Berdasarkan salinan Permendikbud 25/2020 yang diperoleh Hayamwuruk, pasal 9 ayat (1) berbunyi, “mahasiswa wajib membayar UKT (Uang Kuliah
Tunggal) secara penuh pada setiap semester.” Sedangkan pasal 10 ayat (1)
berbunyi, “PTN
dapat memungut iuran pengembangan institusi sebagai pungutan
dan/atau pungutan lain selain UKT dari Mahasiswa program
diploma dan program sarjana bagi: a.
Mahasiswa asing; b.
Mahasiswa kelas internasional; c.
Mahasiswa yang melalui jalur kerja sama; dan/atau d.
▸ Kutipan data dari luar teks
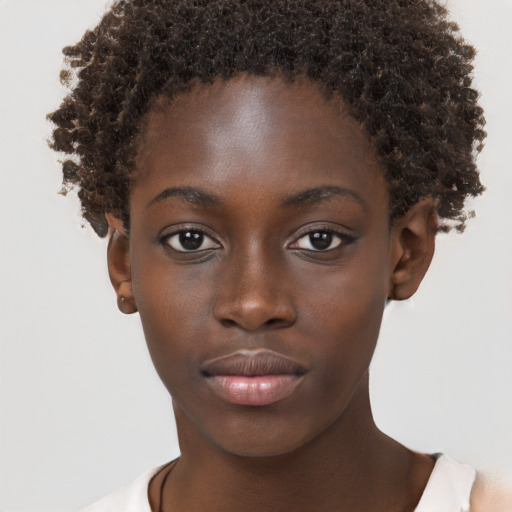 Neutral black young-adult female with short  brown hair and brown eyes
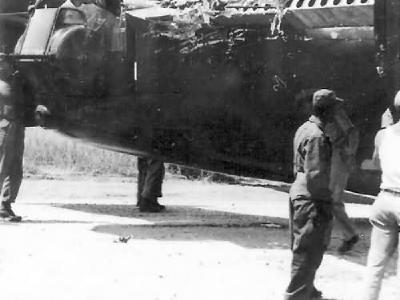 B-24 Liberator with Heavy Battle Damage to Tail Section
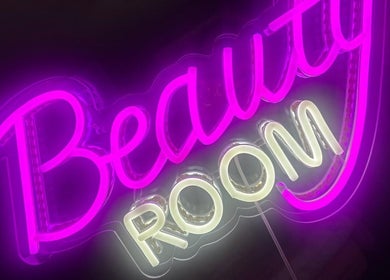 Vibrant neon 'Beauty Room' sign at Blosm Beauty, Cumbernauld, Scotland, GB.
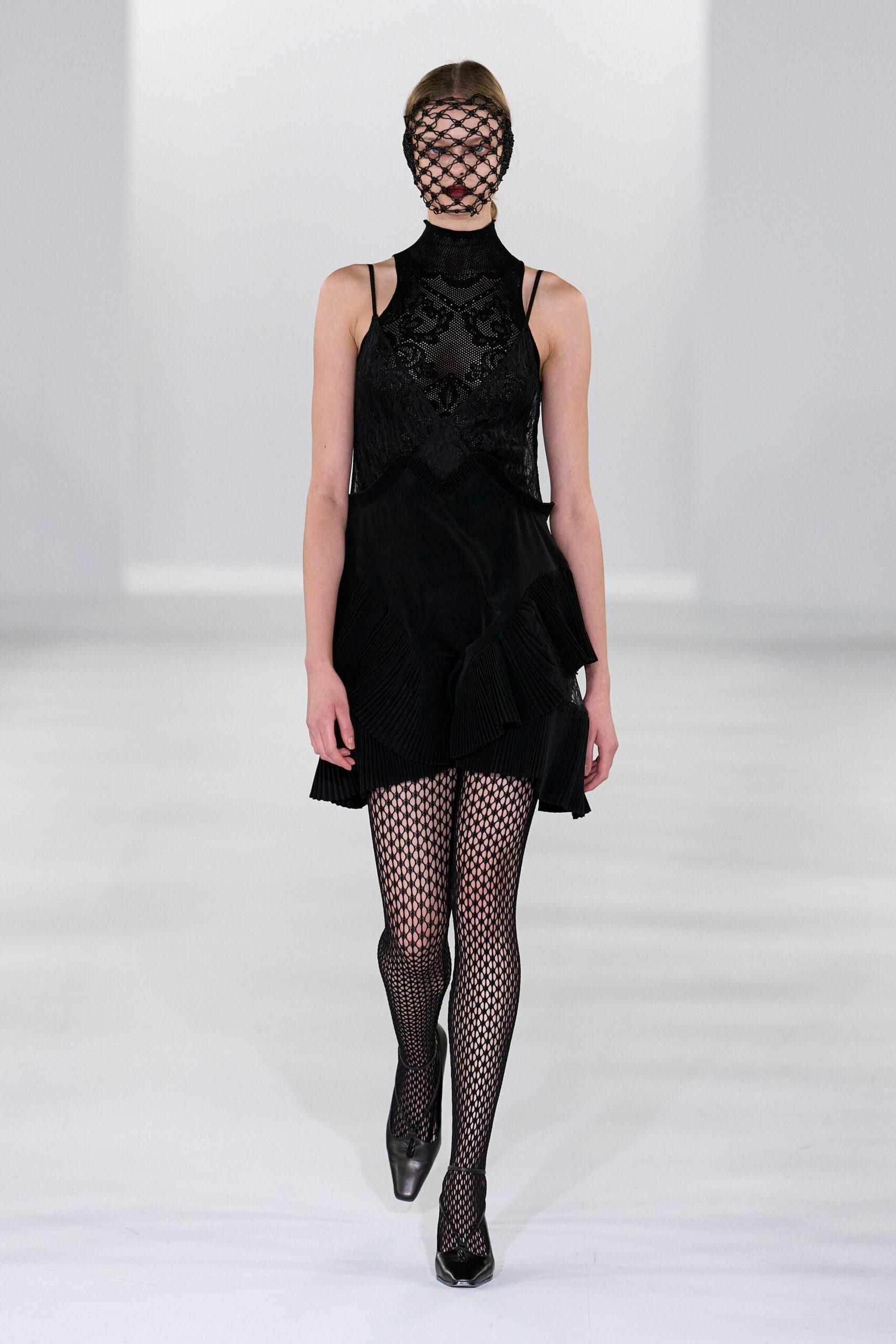 black lace sleeveless high-neck fitted pleated ruffled dress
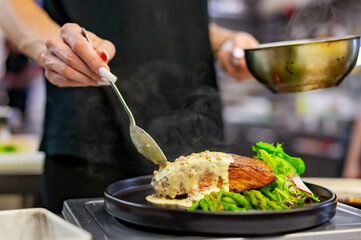 woman chef hand cooking salmon steak with asparagus and salad
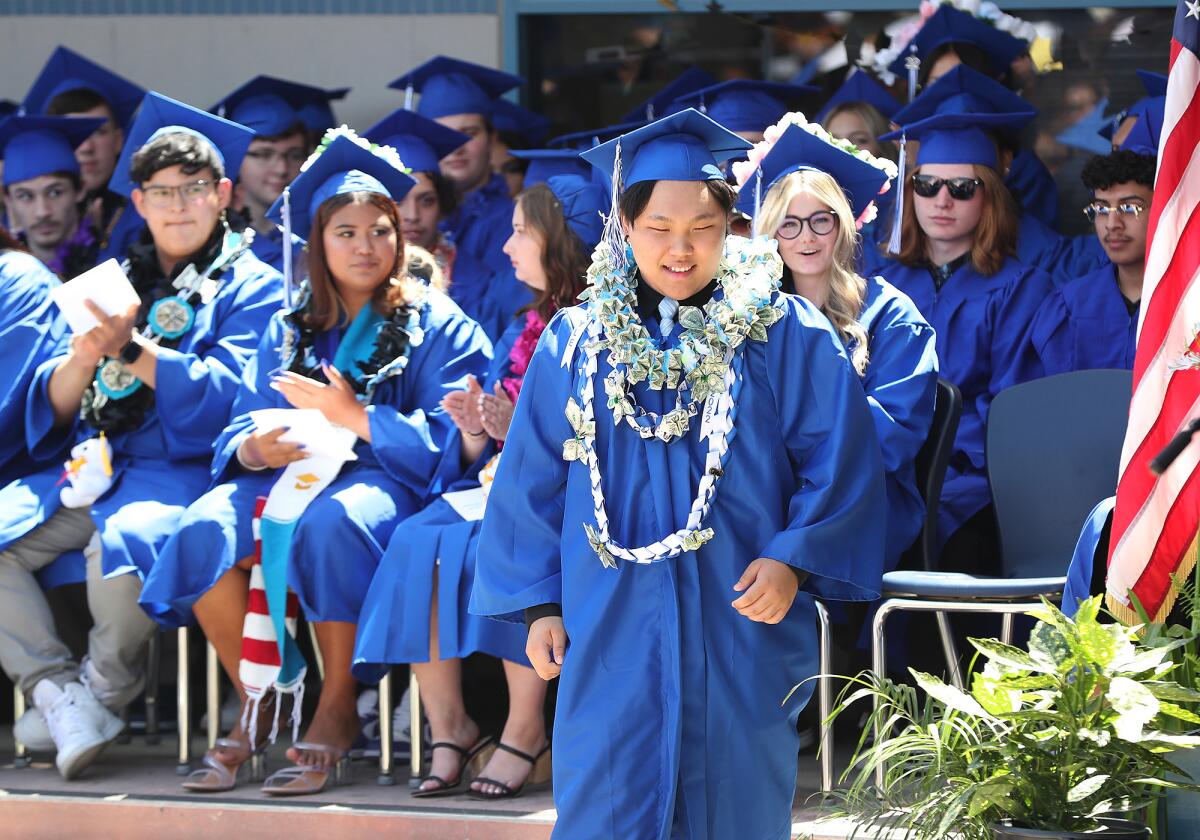 Student speaker Kyle Nguyen walks to the podium for his comments during the Valley Vista High graduation ceremony.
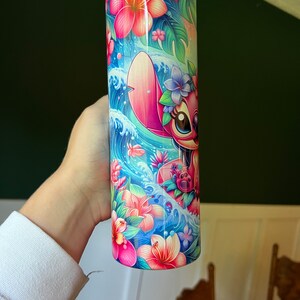 Puede incluir: Un vaso de acero inoxidable rosa y azul con un dise&ntilde;o de personaje de dibujos animados. El personaje es un extraterrestre rosa con ojos azules y una corona de flores. El fondo presenta olas azules, flores rosas y hojas verdes.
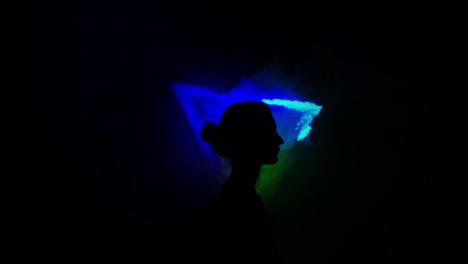 imagen de una niña en un fondo claro de diferentes colores moviéndose en la oscuridad. el humo llena el triángulo con la cabeza de la niña.
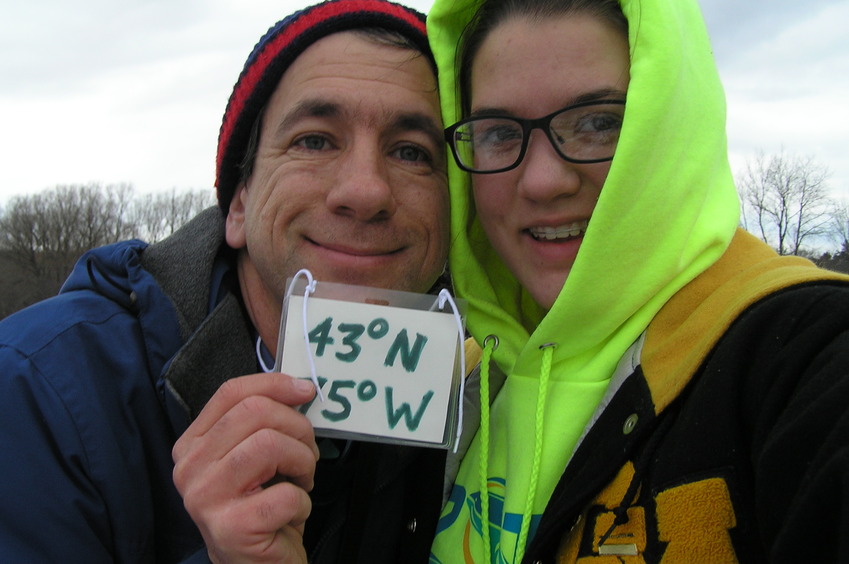 Joseph Kerski and Lilia Kerski standing in the snow and ice at the confluence.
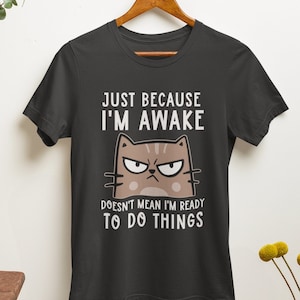 May include: Black t-shirt with a cartoon cat and the text "Just because I'm awake doesn't mean I'm ready to do things".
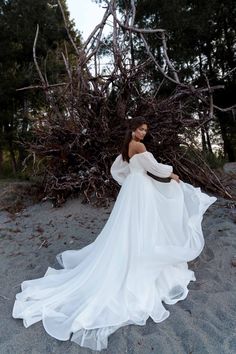 a woman in a white dress is standing on the sand with her arms around her back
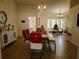 Bright dining room featuring modern furniture, tiled floors, and elegant chandelier lighting at 1470 Ne Old Mill Dr, Deltona, FL 32725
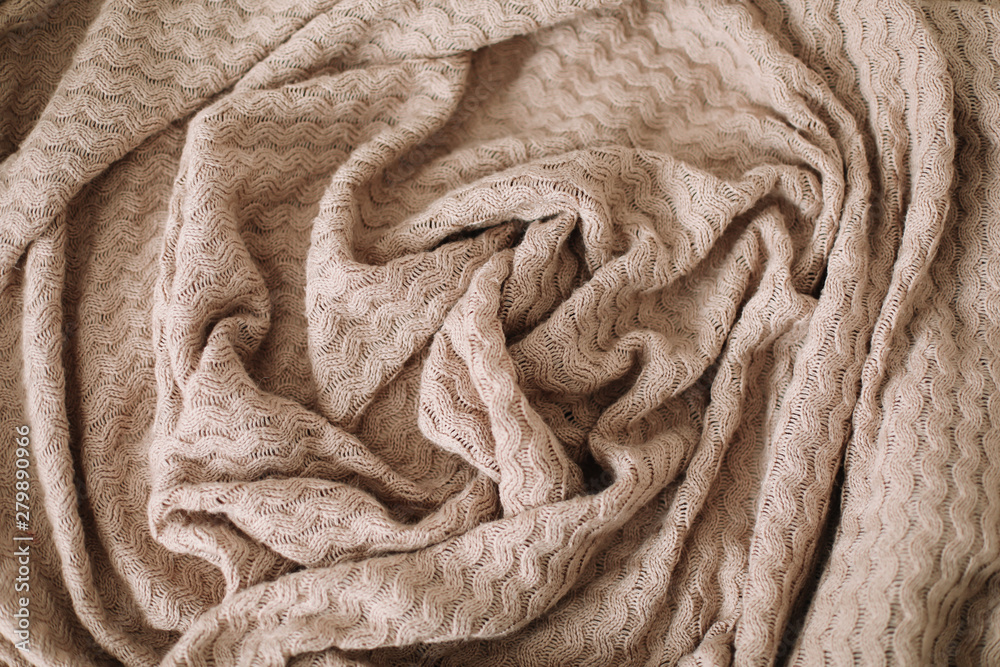Fabric texture background. Wrinkled, crumpled fabric. Closeup textile background. Knitted texture pattern.  Soft focus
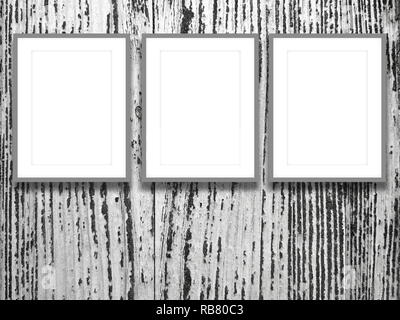 Three blank gray picture frames on scratched wooden background Stock Photo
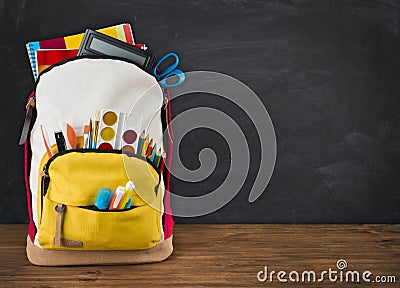 Backpack full of school supplies over black school board background Stock Photo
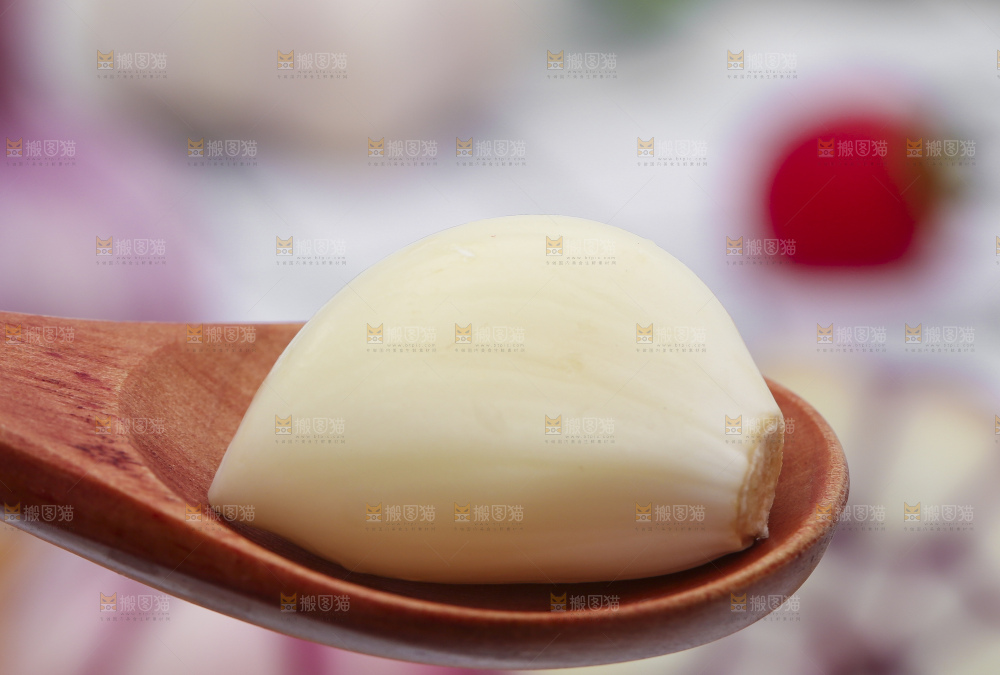 勺子里装着剥皮的大蒜头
Mahasiswa yang masuk
melalui seleksi mandiri.”
Pemohon menyatakan
bahwa pasal 9 ayat (1) bertentangan dengan pasal 47 ayat (1) Undang-Undang
Sistem Pendidikan Nasional (UU Sisdiknas), pasal 3 huruf 3, pasal 7 ayat 2,
pasal 63 huruf c UU Pendidikan Tinggi, pasal 26 ayat 2 dan pasal 48 huruf d UU
Penanggulangan Bencana.
Menurut Mandalika,
jika pasal 9 ayat 1 Permendikbud 25/2020 tetap diberlakukan, maka menciptakan
pendidikan yang tidak berkeadilan serta menegaskan bahwa PT akan memberikan layanan pendidikan dengan mengejar profit/keuntungan. “Sehingga wajar apabila dalam kondisi tidak normal yang disebabkan karena
bencana alam dan/atau non alam seperti saat ini, seluruh mahasiswa di PTN tidak perlu membayar
kewajiban berupa UKT secara penuh pada tiap semesternya,” kata Mandalika.
Pasal
10 ayat 1 huruf d Permendikbud 25/2020, menurut Pemohon, pasal tersebut bertentangan dengan peraturan yang lebih tinggi yakni
pasal 3 huruf e dan I UU Dikti, pasal 6 huruf b UU Dikti yang kemudian
dipertegas dalam pasal 4 ayat (1)
Undang-Undang Nomor 20 Tahun 2003 tentang Sistem Pendidikan Nasional, pasal 73
ayat 5 UU Dikti, Pasal 73 ayat (5) UU Dikti, pasal 7 ayat 1 UU Dikti,
pasal 89 ayat 1 UU Dikti, Pasal 88 ayat 5, pasal 47
ayat (1) UU Sisdiknas, Pasal 63 huruf c UU Dikti, Pasal 8 ayat (3) UU PNBP
serta pasal 26 ayat 2 UU Penanggulangan
Bencana, Pasal 48 huruf d.
Mandalika
beranggapan bahwa pemberlakuan pasal 10 (1) huruf (d) Permendikbud 25/2020
telah secara langsung menciptakan pendidikan yang tidak berkeadilan,
diskriminatif, tidak terjangkau, dan tidak berdasar pada prinsip nirlaba.